真悟は、友人の大次郎の様子が気になっていた。
婆やによると、何か神信心をしているらしく、その夜も妹の絹江と共に、堀留の石坂屋に行ったという。
だが、石坂屋では、誰も来ていないと門前払い。
新吾が石坂屋に忍び込むと、ガマや蛇、犬が集められ、人間のものらしき血だまりがあった。
大次郎を見つけ、真悟は帰るよう諭すが、今夜は大事な会合があると聞き入れない。
真悟は彼を気絶させ、家へと連れ帰る。
真悟の父は、大次郎がその星まわり故に、凶道者(邪教の信者)に見込まれたと見抜く。
その凶道者は頼豪院怪玄といい、奇妙な呪術を使って、大次郎に執拗につきまとう。
真悟と彼の父親は大次郎を守り、その野望を食い止めようとするのだが…」
「太平洋文庫の良心」だと私が勝手に考えている湧井和夫先生。(注1)
怪奇マンガの佳作を幾つか描かれておりますが、1960年に「オカルト漫画」の元祖と呼ぶべき、快作がありました。
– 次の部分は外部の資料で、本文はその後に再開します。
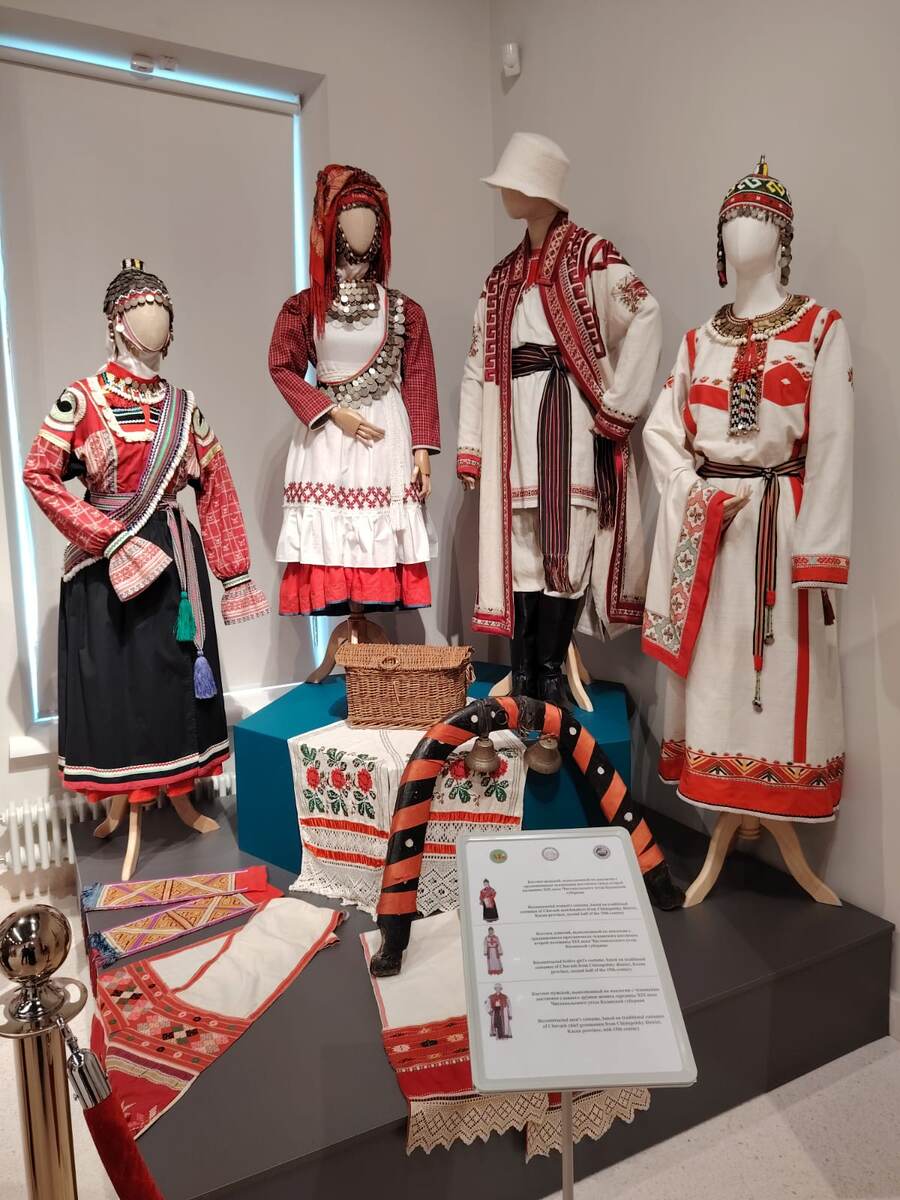  Чувашские костюмы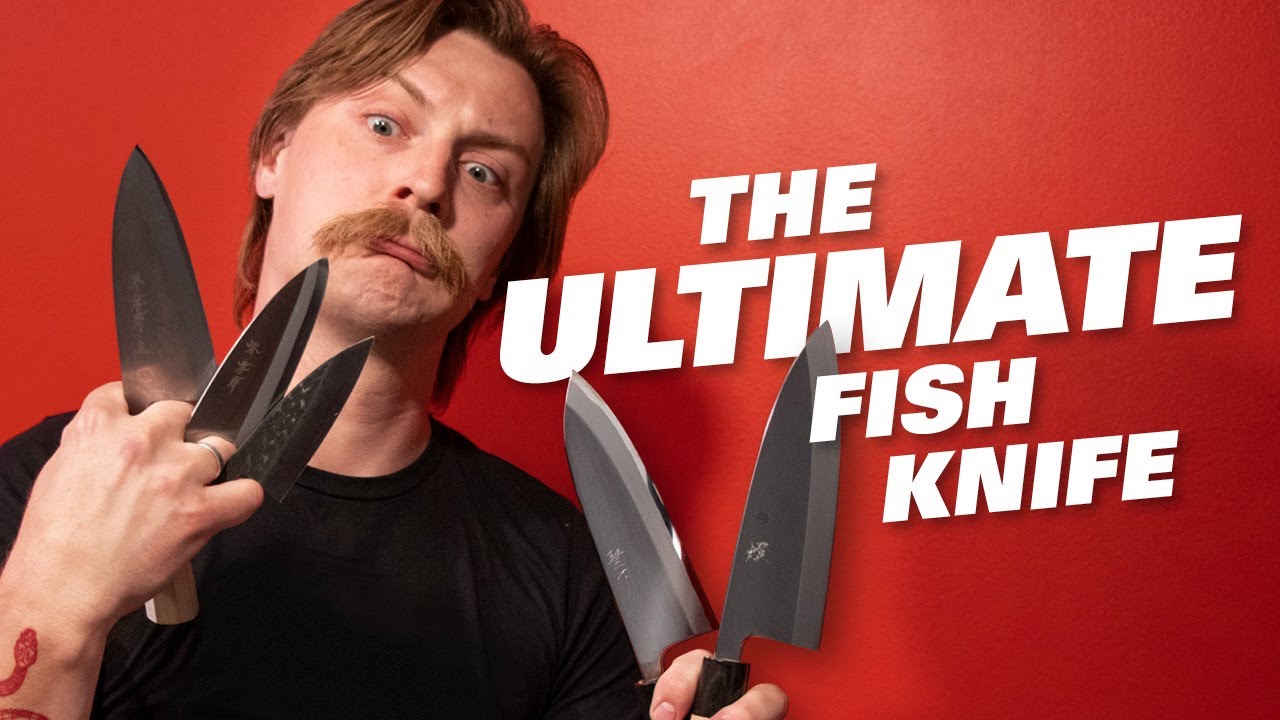 What's the Best Knife for Filleting Fish? Why the Deba is Perfect for Fish  & Poultry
「邪教と対決する」ストーリーで、面妖な邪神、子供の生首を捧げた祭壇、邪教信者が踊り狂う儀式、数珠でつくった結界、お守りや御仏水で悪霊と対決と多彩な要素がてんこ盛りです。(しかも、176ページというボリューム!!)
そして、ラストには阿弥陀如来様まで登場!!
「エクソシスト」以前に、独自な「和風オカルト・ホラー」が存在していたことは、まさに新鮮な驚きでありました。
更なる発掘が望まれます。

・注1
実は、益子かつみ先生の弟さんです。
貸本漫画以降も、青年誌やエロ漫画雑誌で手堅く活躍しておりました。
ネットで調べたところ、2020年7月6日に93歳で亡くなられたとありましたが、浪曲作家の肩書がついておりましたので、同一人物なのかどうかは不明です。
・注2
原作があると思われますが、確認できておりません。
山田風太郎とか?
・備考
パラフィン紙、剥がし痕あり。カラーページ、綴じ金外れ。後ろの遊び紙に貸出票の剥がし痕あり。